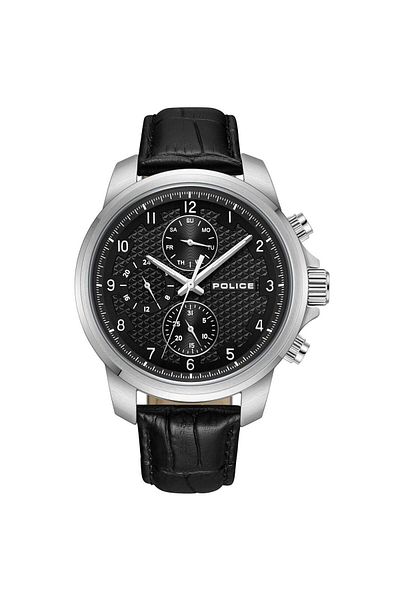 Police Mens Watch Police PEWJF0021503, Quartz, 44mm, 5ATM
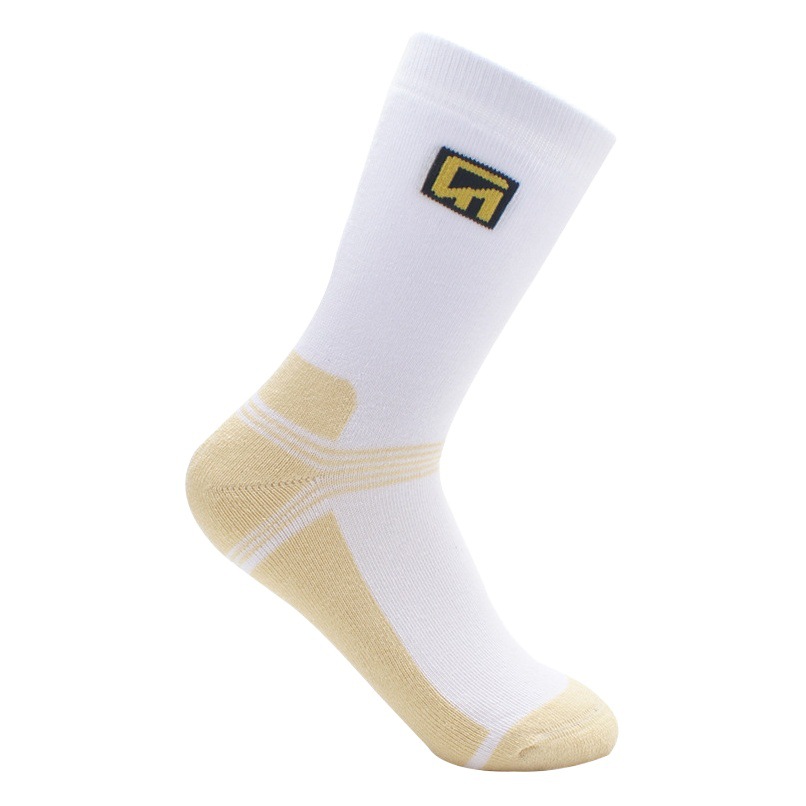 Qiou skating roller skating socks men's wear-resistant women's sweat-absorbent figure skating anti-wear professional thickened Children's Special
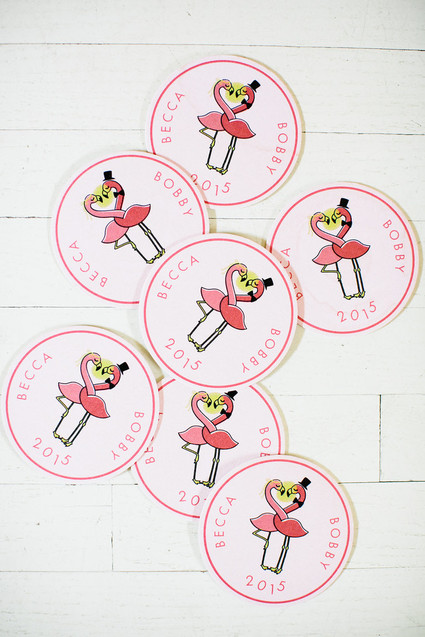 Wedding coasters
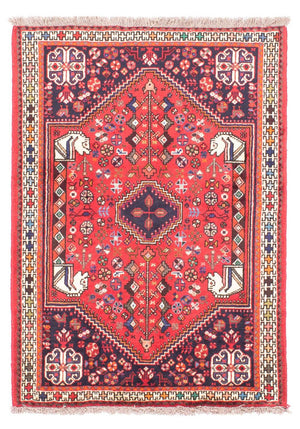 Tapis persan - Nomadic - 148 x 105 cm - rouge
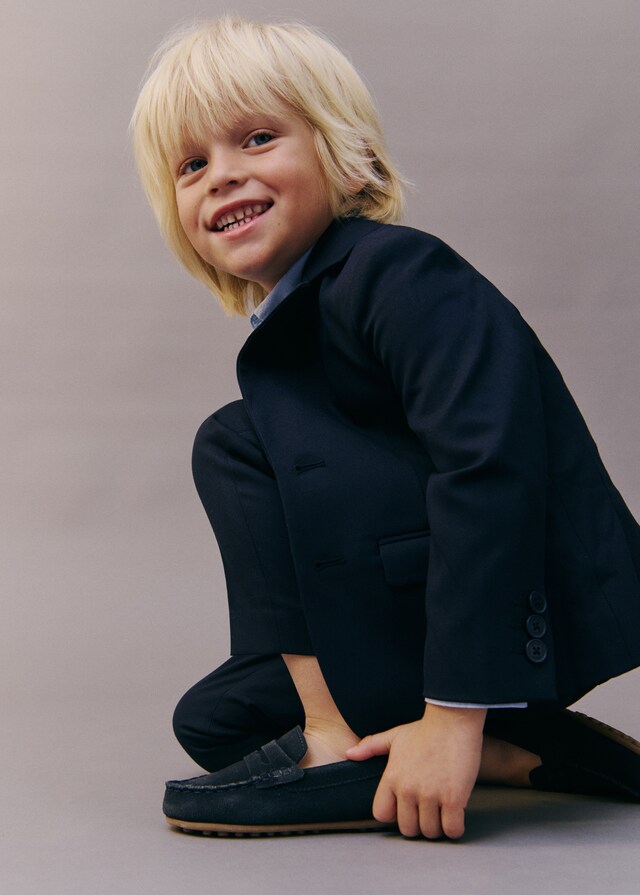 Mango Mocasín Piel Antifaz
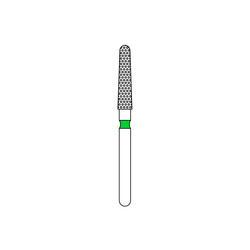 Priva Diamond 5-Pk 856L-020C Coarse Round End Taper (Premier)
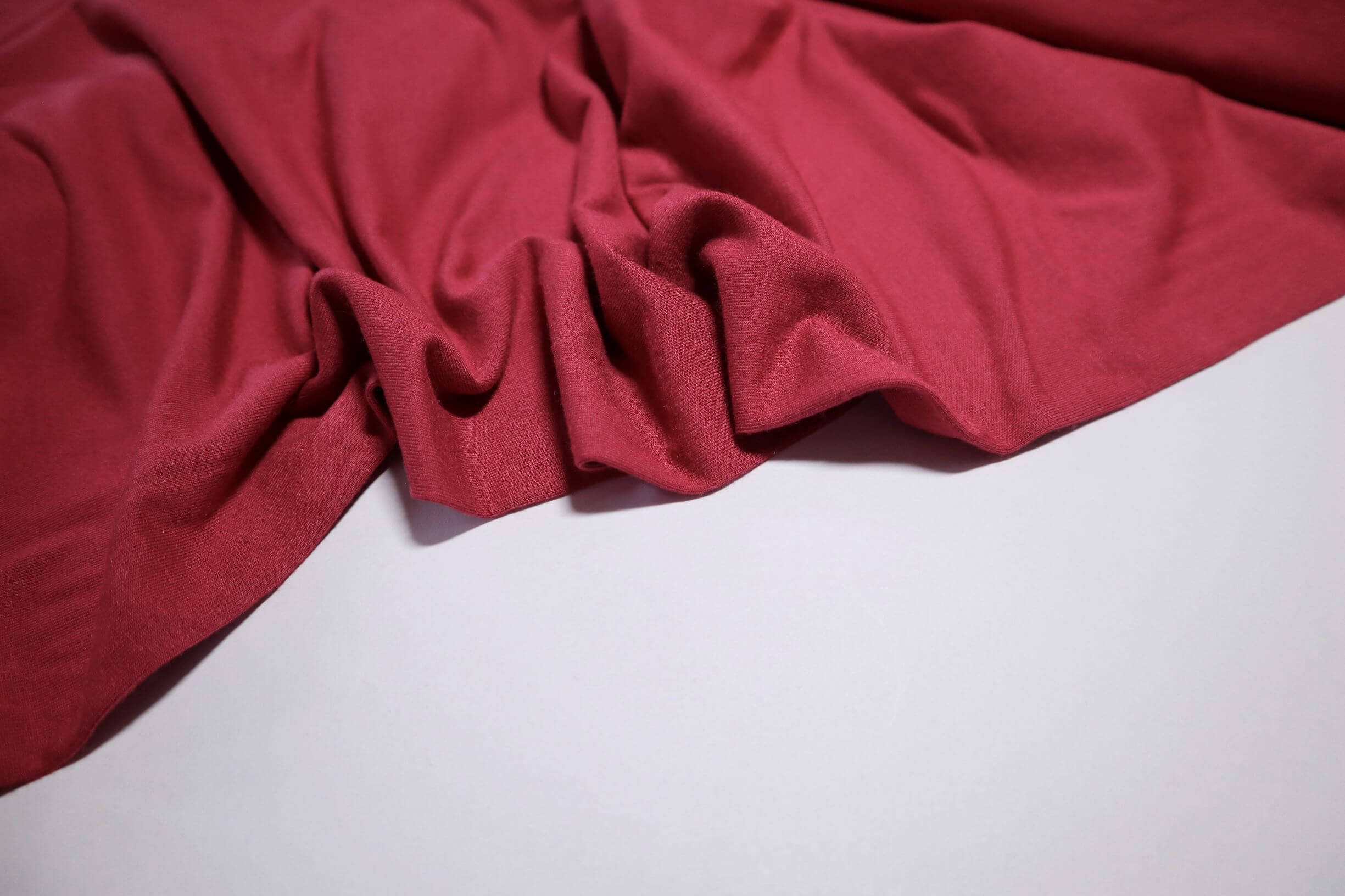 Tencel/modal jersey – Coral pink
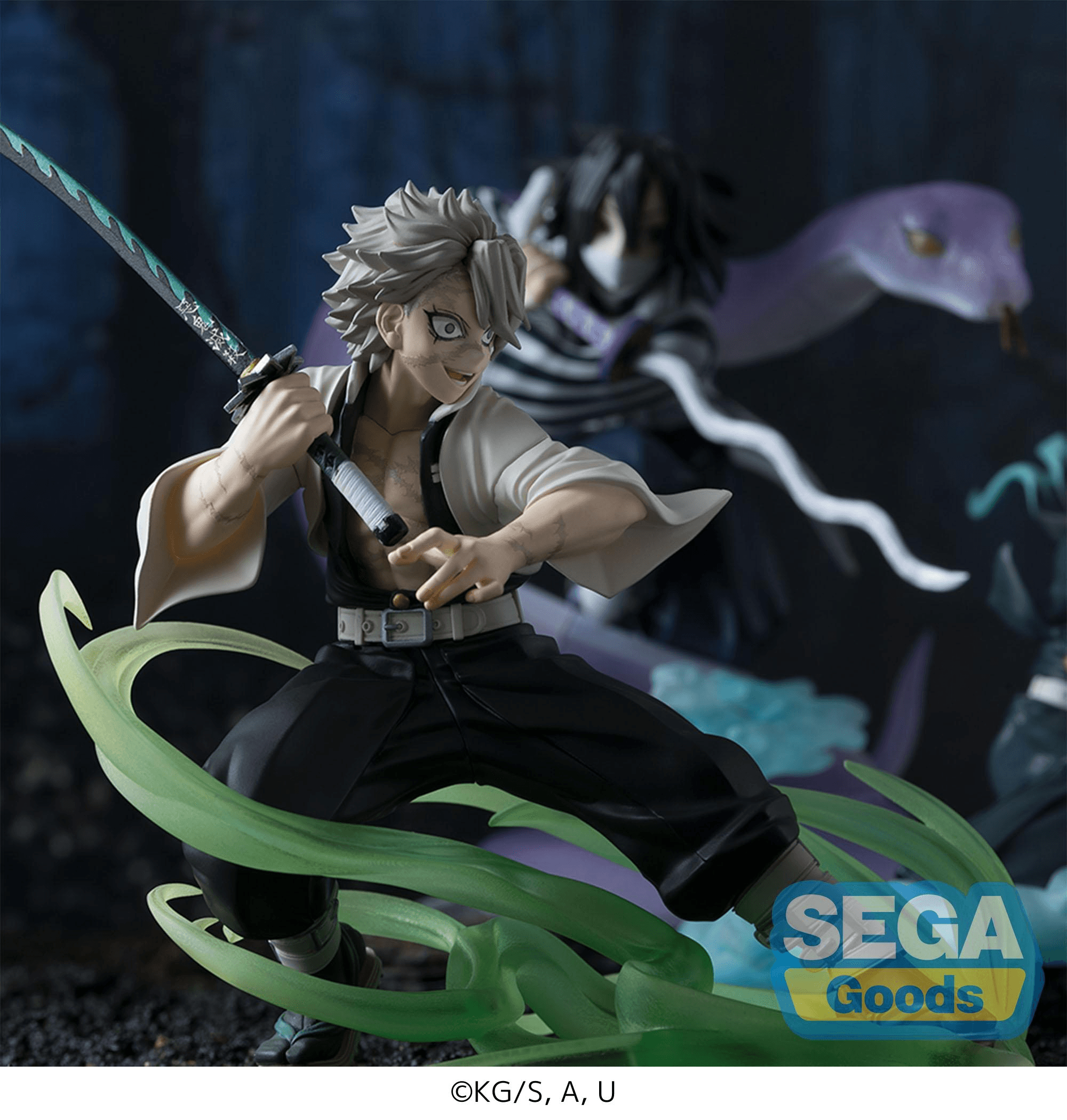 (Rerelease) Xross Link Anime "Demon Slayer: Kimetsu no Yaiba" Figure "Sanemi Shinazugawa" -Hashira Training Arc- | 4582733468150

──────────────────────────────

● What the task requires
Your reply should hold only the lines from the one that contains "Tencel/modal jersey – Coral pink" through the last line of the records above, exact and complete, and no pictures.

● Output below
 Tencel/modal jersey – Coral pink
 (Rerelease) Xross Link Anime "Demon Slayer: Kimetsu no Yaiba" Figure "Sanemi Shinazugawa" -Hashira Training Arc- | 4582733468150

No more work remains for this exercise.